Prudential Wins Round in Directors' Case
June 28, 1999
The courts have dealt another setback to shareholders challenging the independence of mutual fund directors.
A U.S. magistrate in New Jersey has ruled that a shareholder's suit against Prudential Investments of Newark, N.J. is without merit and should be dismissed.
Magistrate Ronald J. Hedges said that investor Sheldon Krantz, a shareholder in Prudential's Jennison Growth Fund, failed to prove that directors lost their independence from Prudential because the directors received up to $135,000 in pay for their work overseeing Prudential funds.
"A careful review reveals that (the complaint) is almost completely devoid of allegations, conclusory or otherwise, that the directors are in fact controlled" by Prudential, Hedges said in a 13-page decision dated June 10. Krantz has a right to appeal the decision to U.S. District Judge Katherine S. Hayden. Joel Feffer, an attorney for Krantz, declined comment on Hedges' decision. A spokesperson for Prudential with knowledge of the decision was not available for comment.
The Prudential case is one of five similar pending cases in which Feffer's firm, Wechsler Harwood Halebian & Feffer of New York, represents shareholders.

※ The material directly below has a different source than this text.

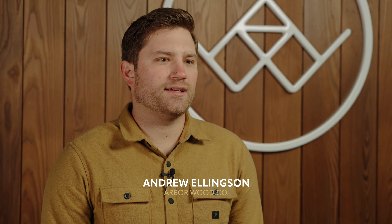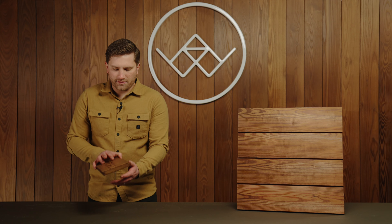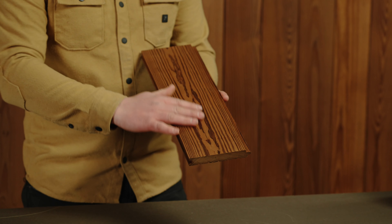I'm Andrew with Arbor Wood Co. In this video we'll be taking a look at our thermally modified Southern Yellow Pine siding. Our Southern Yellow Pine is part of our natural family and comes from the factory with a coat of clear oil applied.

Although the cases are pending, judges in three of the cases have dismissed claims. Shareholders in each of those cases are engaged in legal moves to keep their claims alive. A federal court judge has yet to rule in the fourth case.
In each of the five cases, shareholders contend that directors lost their independence because they received substantial pay for serving on numerous fund boards within the same mutual fund complex.